母は、自分の"城"をかき回されて喜んではいない。
でも、入れ歯のケースに黒いカビがあったり、
台所や掃除関連の消耗品が、何年も押し込められて、
埃(カビも)だらけになっているのでキレイにしていた。
母の身体や生活を考えてしているのだけど、
母には余計なことにしか思われない。哀しい。

お風呂掃除をしていた時、事件が起きた。
水が入ったままの浴槽(深めの形)上で、
蓋をゴシゴシこすっていたら、
足元が滑り、蓋と共に頭から浴槽に落ちてしまった。
水の中で声も出せず、とにかく頭を出そうとしてもがいた。
着ていたプルパーカーやレギンスパンツは、水を吸って重く、
身体を上手く動かすことが出来ない。
なんとか顔を出し、息が出来た。
居間にいるはずの母に着替えを出して貰おうと
声をかけたが耳が遠くなっていて返事が無い。
びしょ濡れの身体にタオルを巻き、居間に行ったら、
母は、マッサージ機をかけていた。

昨日、私が下の階の母娘の話をしたことから、
母の苦労話は始まった。
私のためにどれだけ大変な思いをしたか、
どれだけお金を使ったか・・・
どれだけ頭を下げたか・・・
親から育ててきた恩を感じろと言われると
感謝の気持ちを失う。
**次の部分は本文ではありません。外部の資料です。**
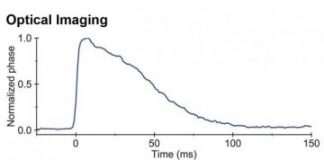 Study: Technique could be used to monitor visual function through the optic nerve in the eye — (Details)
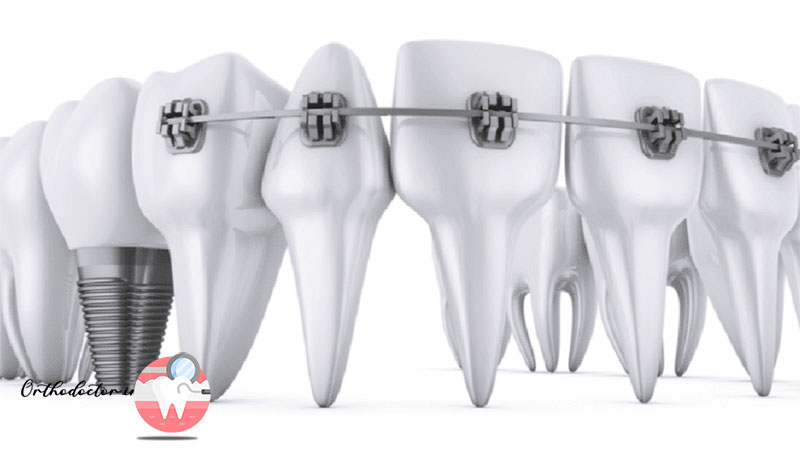 تراز کردن دندان پیش از قرار دادن ایمپلنت یا روکش دندان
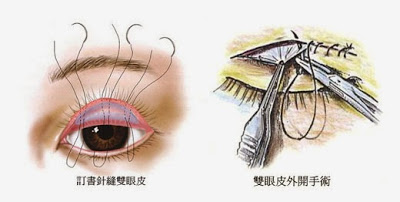 眼部美容手术有哪几种？双眼皮手术祛眼袋手术拉皮手术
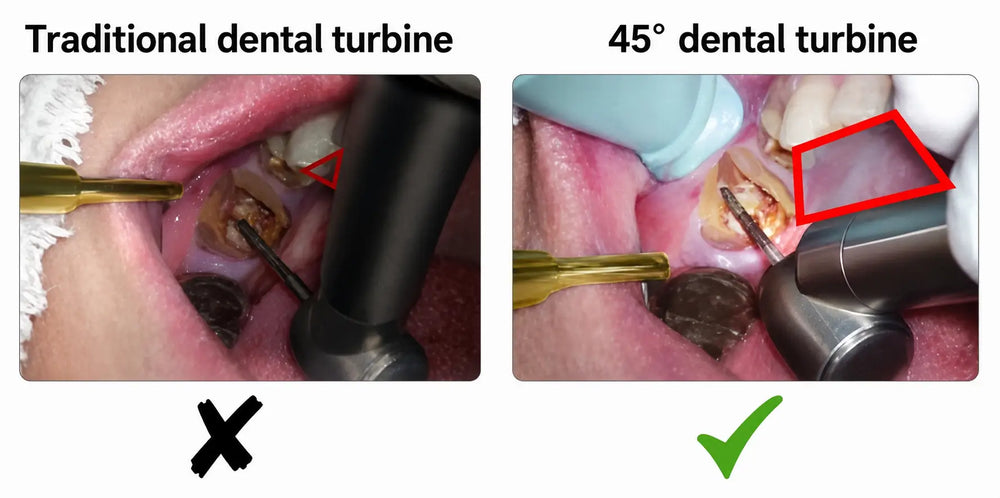 ADAE 45° LED dental turbine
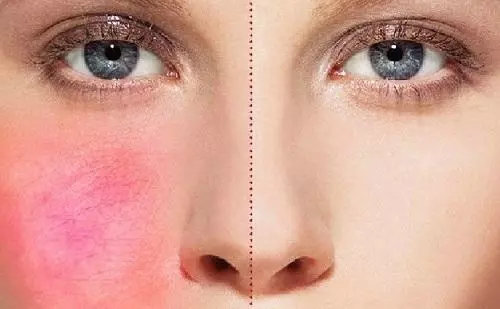 敏感肌肤用什么护肤品?教你敏感肌正确的护肤步骤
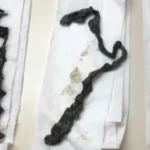 Clarexin Intestinal Parasite Cleanse review user 1 - 2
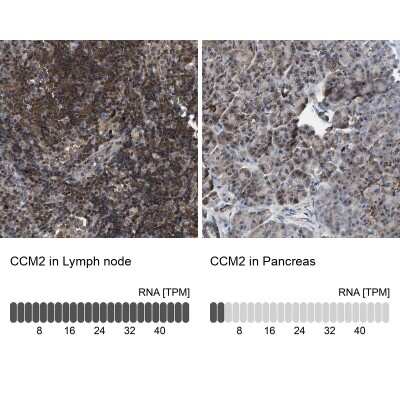 Immunohistochemistry-Paraffin: CCM2 Antibody [NBP1-86730]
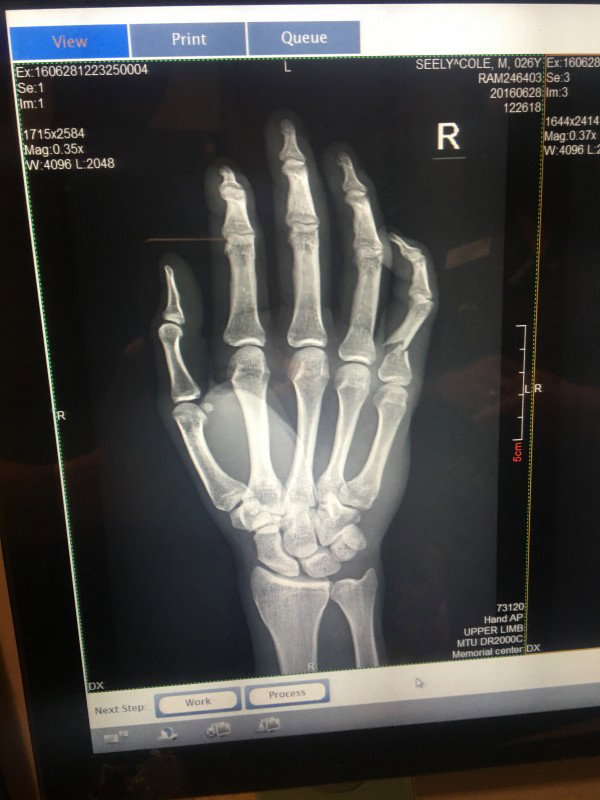 An X-ray of Seely's hand.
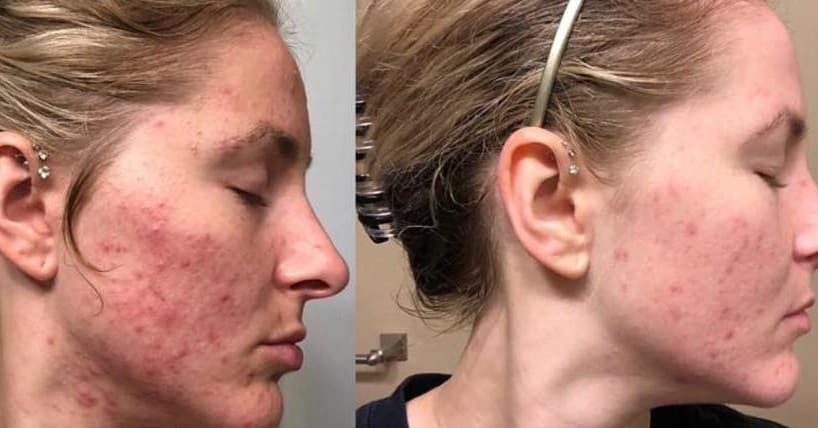skincare before-after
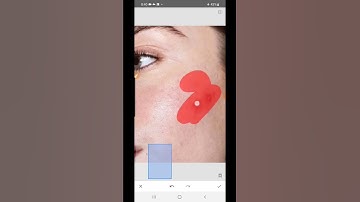 How to remove pimples by Snapseed editing||#snapseed #shorts #edit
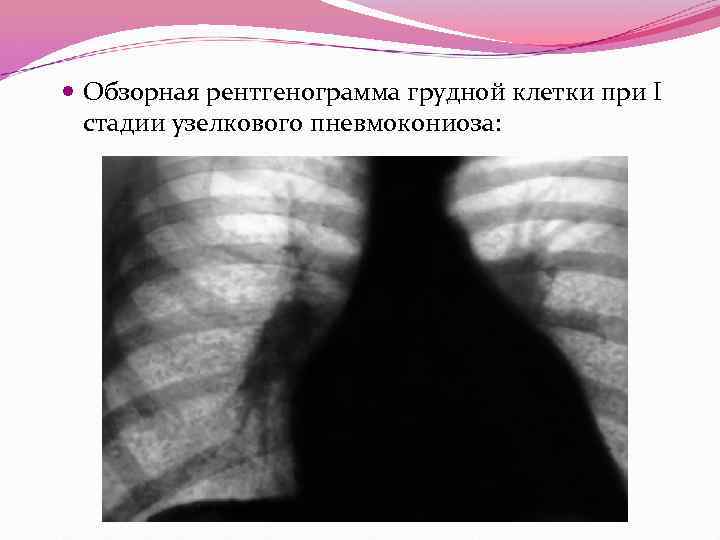  Обзорная рентгенограмма грудной клетки при I стадии узелкового пневмокониоза: 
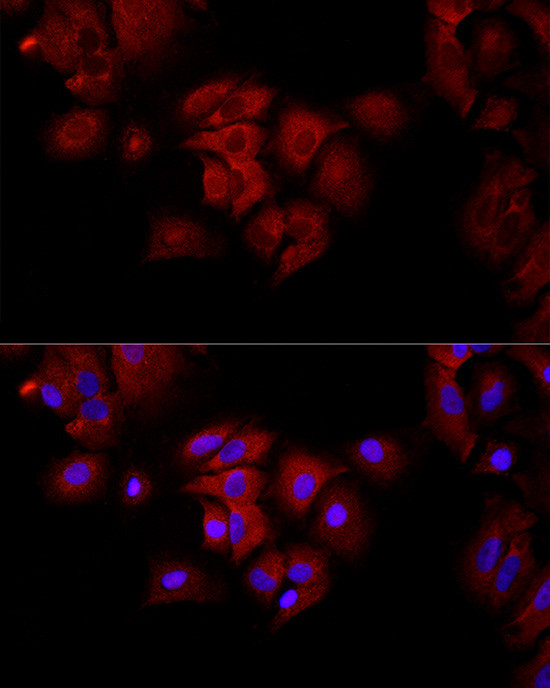 Fumarase Antibody in Immunocytochemistry (ICC/IF)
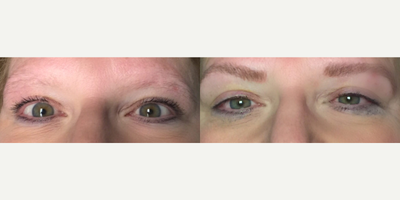 Woman treated with Microblading - Woman treated with Microblading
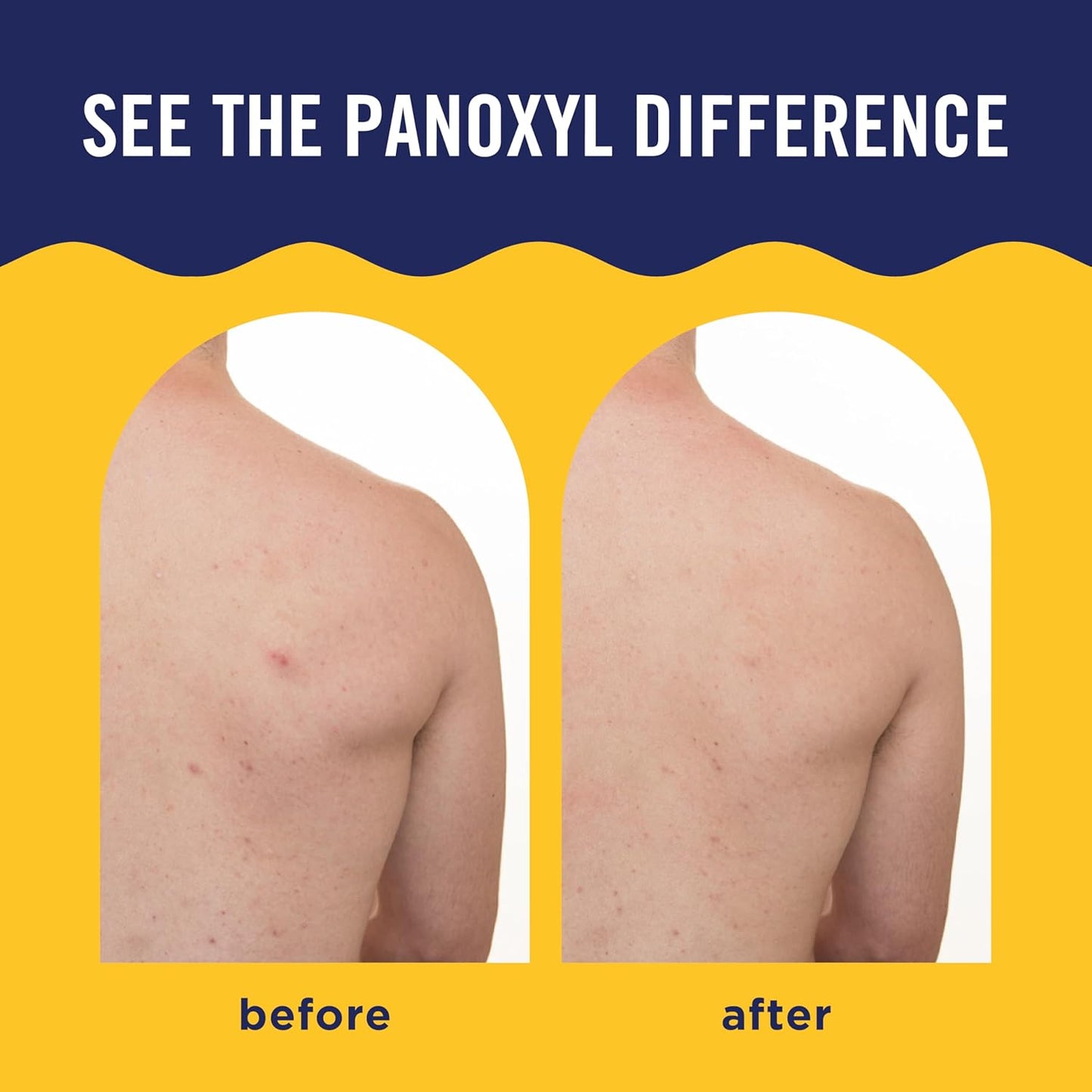 PanOxyl_Acne_Banishing_Body_Spray_with_2%_Salicylic_Acid,_Pimple_Treatment_Spray_to_Clear_Stubborn_Breakouts,_360-Degree_Spray_Nozzle,_Skin-Brightening_Niacinamide,_Vitamin_C,_Witch_Hazel,_Aloe,_6_Oz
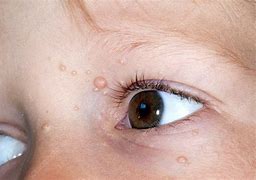 Image result for Contagious Molluscum Children Eye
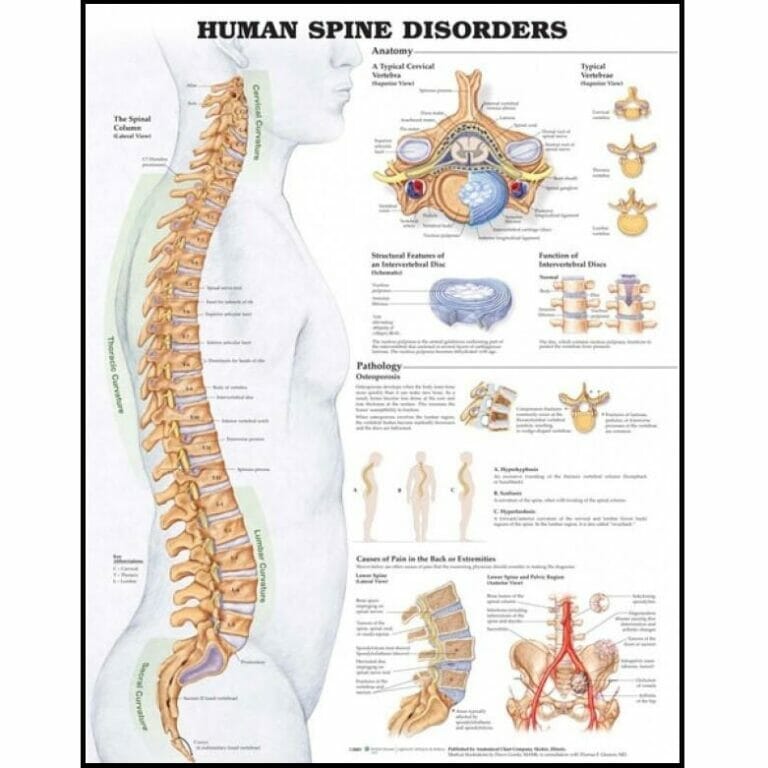 Human Spine Disorders Anatomical Chart - Chiro1source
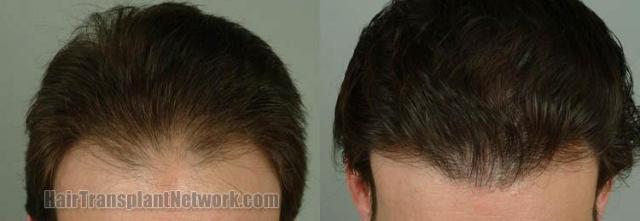 Hair transplantation surgery before and after images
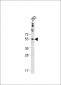 CTSA Antibody (N-term)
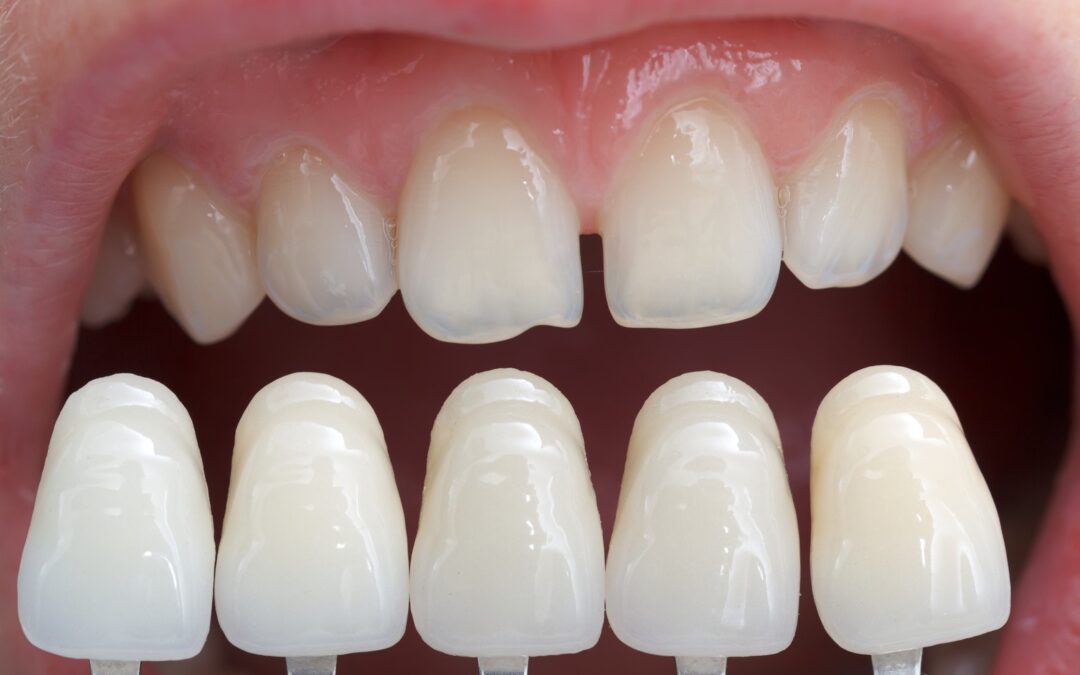 What are Veneers?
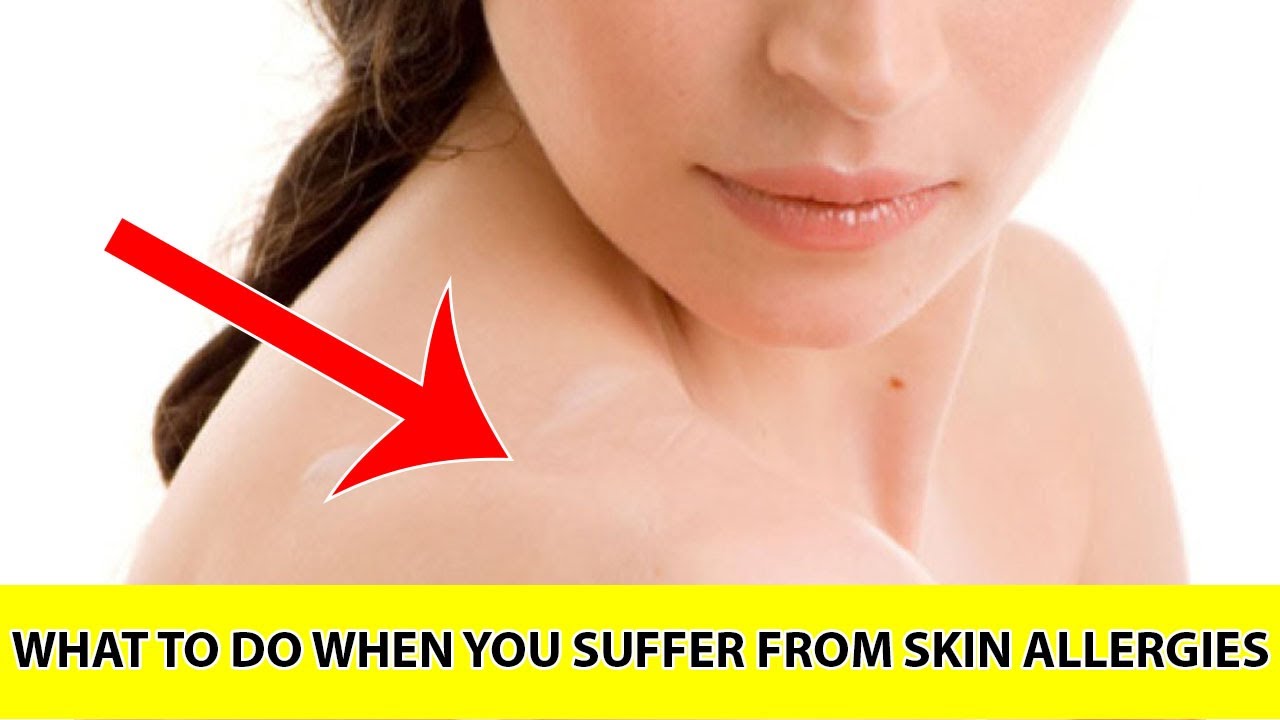 Skin allergies home remedies Mayo clinic HOME REMEDIES to Cure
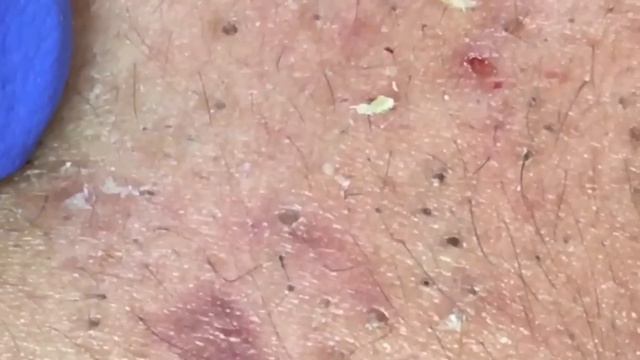 Blackheads Extractions “K’s” 4th Treatment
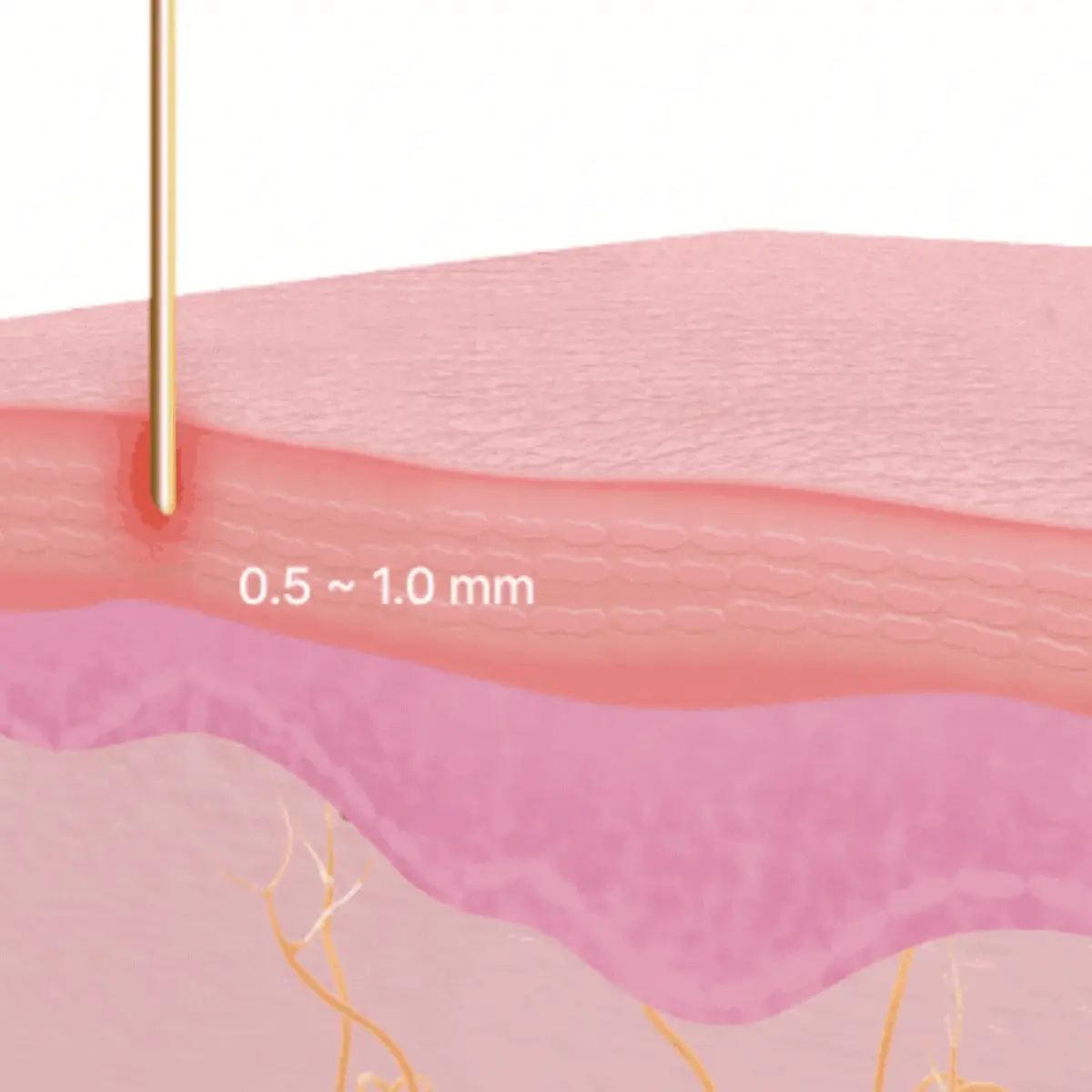 RF Microneedling Behandlung zur Hautstraffung bei Beauty Lounge Weiden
心は平行線。
こんな哀しい気持ち、過去に何度味わっただろう。
一見、仲良し親子の真実はこんなもの。

夕方、アパートに帰ってきた。
水道が凍結していなかったことにひと安心して、
テレビを付けたら、二度と見たくないと思っていた画面。
津波」「にげろ」
眉間に暗い物が貼りついたままになった。